Despite being a single-center study, it has some advantages. It shows that the procedure
can be performed safely and with sound results by different surgeons. Our study included
surgeries performed by nine different surgeons. Three different surgeons performed
the majority of cases, and six other surgeons also successfully performed the operation.
This is in comparison to most of the existing literature. Many reports describe the
experience of a single surgeon, thereby limiting the applicability of the results
to a broader audience.[17]
[18] Some cardiac surgeons may not attempt to reproduce difficult technical procedures
based on single-surgeon case series. Institutional knowledge is difficult to quantify,
but our experience suggests that co-surgeon availability for intraoperative decision-making
may contribute to reproducibility and acceptable results. It also reflects how surgeons
with greater experience can help contribute toward good reproducibility of results.[19]
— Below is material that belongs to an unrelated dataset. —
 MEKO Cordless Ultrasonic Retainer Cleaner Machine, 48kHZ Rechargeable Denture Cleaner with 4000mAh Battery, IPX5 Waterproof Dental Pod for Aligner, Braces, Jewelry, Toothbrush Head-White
This single-center retrospective review has several limitations. Our patients were
predominantly young males with elective surgical status. Results observed here may
not be generalizable to other populations. One patient was lost to survival follow-up,
and five were lost to echocardiographic follow-up. It is possible that in such a small
series, these missing cases were not missing at random, and we may be underestimating
events. Conversely, there were more follow-up observations for those patients with
known connective tissue disorders, which may cause overestimation of postoperative
events compared with patients without these risk factors. Our findings should be interpreted
with these cautions in mind.
In summary, prophylactic root and valve preservation using the David reimplantation
is safe and has excellent early- and midterm outcomes. Longer-term follow-up will
be critical in identifying the success rate of these procedures.